Let's take a quick look at Rackspace's financials. The company has averaged 59% revenue growth over the last five years, reaching $362 million last year. It's on track to beat that figure handily this year, reporting $120 million in revenue for the first quarter of 2008.

Rackspace brings in small profits every year, with $18 million in net income last year. The company has about $145 million in interest-bearing debt and $28 million in cash.

The company expects to get $163 million in the offering, which it wants to spend on growth plans and general purposes. Part of that money could go to the $160 million construction of its corporate headquarters in San Antonio.

Rackspace definitely has its critics. Customers expect consistent, always-on service, and when servers go down there's hell to pay. Web companies Tumblr and 37signals were upset when Rackspace suffered outages earlier this year.

Comments

 

You're right- dutch auctions are a pain in the neck! And we all need to understand that there is a real reason they're doing it this way. Chances are, especially if there are a pretty large number of investors, many people are going to pay too much for Rackspace stock; and when that happens, they may be in for a ride as it has a good chance of seeing a quick drop shortly thereafter.

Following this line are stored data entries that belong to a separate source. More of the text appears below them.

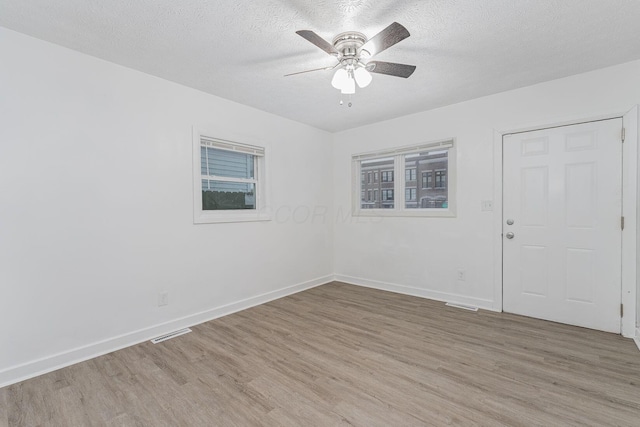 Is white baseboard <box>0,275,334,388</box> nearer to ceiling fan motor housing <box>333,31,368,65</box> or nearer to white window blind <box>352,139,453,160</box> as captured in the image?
white window blind <box>352,139,453,160</box>

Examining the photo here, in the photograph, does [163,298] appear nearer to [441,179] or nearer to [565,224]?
[441,179]

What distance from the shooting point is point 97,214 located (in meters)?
2.47

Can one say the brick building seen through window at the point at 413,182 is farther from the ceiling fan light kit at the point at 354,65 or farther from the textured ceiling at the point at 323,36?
the ceiling fan light kit at the point at 354,65

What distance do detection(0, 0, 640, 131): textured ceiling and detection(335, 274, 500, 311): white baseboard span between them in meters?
2.49

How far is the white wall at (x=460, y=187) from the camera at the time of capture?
9.38 feet

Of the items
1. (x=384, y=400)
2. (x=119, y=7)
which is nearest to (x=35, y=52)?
(x=119, y=7)

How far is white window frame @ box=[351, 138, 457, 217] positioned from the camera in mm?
3744

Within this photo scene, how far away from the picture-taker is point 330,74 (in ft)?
9.12

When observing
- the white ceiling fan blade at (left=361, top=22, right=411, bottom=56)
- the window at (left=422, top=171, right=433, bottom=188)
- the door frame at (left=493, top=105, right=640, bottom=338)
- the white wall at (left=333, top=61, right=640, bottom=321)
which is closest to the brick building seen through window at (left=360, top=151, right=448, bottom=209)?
the window at (left=422, top=171, right=433, bottom=188)

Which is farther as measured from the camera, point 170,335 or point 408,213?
point 408,213

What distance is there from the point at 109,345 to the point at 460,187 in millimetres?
4070

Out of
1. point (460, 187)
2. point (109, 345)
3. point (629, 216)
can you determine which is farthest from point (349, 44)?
point (109, 345)

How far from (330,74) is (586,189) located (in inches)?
110

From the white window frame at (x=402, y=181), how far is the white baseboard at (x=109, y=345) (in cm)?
210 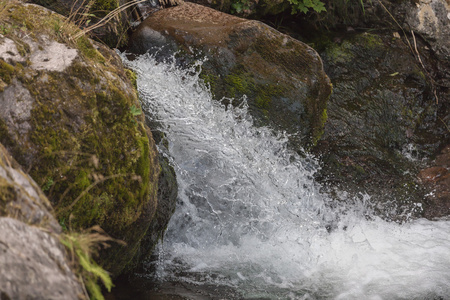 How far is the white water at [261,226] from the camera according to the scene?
12.6 ft

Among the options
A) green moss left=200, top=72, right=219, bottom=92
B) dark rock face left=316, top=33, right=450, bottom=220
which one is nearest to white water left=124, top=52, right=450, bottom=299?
green moss left=200, top=72, right=219, bottom=92

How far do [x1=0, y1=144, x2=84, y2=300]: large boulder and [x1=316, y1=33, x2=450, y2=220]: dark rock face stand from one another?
415 cm

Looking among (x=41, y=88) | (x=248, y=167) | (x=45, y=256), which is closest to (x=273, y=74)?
(x=248, y=167)

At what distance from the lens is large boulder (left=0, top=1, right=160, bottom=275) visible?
8.38 feet

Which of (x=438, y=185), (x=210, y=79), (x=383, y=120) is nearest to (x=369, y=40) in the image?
(x=383, y=120)

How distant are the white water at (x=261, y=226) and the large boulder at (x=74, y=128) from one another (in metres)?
1.04

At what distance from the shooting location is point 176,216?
4234 mm

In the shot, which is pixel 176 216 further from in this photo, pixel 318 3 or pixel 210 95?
pixel 318 3

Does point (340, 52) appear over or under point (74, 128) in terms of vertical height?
under

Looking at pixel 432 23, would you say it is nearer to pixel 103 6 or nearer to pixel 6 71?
pixel 103 6

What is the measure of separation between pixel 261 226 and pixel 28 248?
126 inches

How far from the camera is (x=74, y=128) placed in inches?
107

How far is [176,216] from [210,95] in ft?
4.77

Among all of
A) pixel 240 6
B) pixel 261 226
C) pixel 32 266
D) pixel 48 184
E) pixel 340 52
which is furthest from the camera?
pixel 340 52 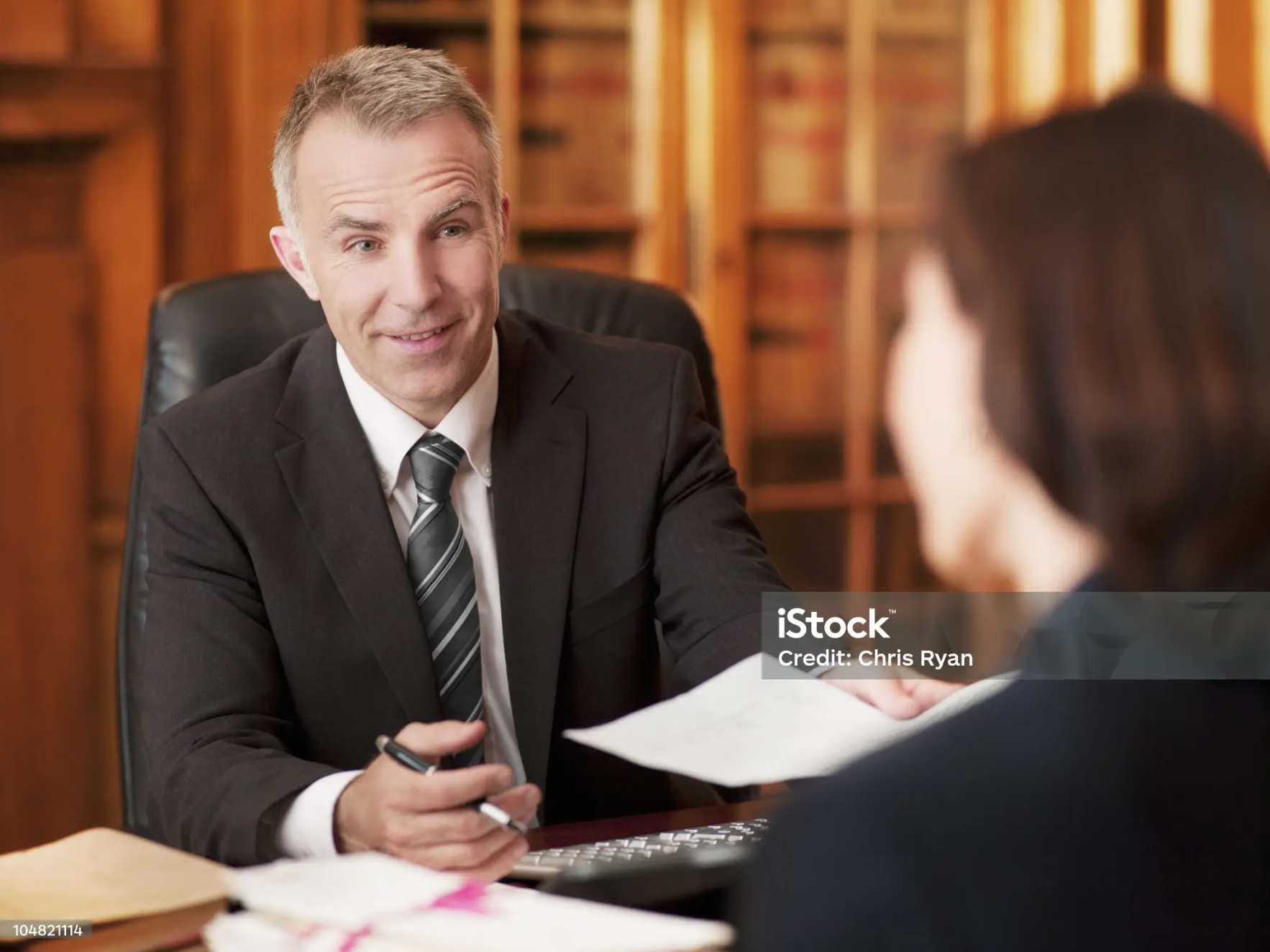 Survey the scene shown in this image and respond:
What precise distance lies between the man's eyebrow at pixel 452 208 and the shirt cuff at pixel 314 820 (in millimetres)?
640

In my opinion, not a good idea. Stay away! http://www.financialnut.com

Hey Cousin,

Thought this might be of interest to you. We're still  goint to move forward on this.

Valid points, but keep in mind that using this method the all of the proceeds from the sale of the stock (less underwriting expenses) go to the company and not to "friends" of the underwriters who flip the stock for the difference between the initial offering price (purposefully set a little on the low side to make sure it all sells) and the price it actually trades for (its market price).  Also, the offering materials indicate that all of the major current shareholders are holding on to their stock and are in it for the long haul.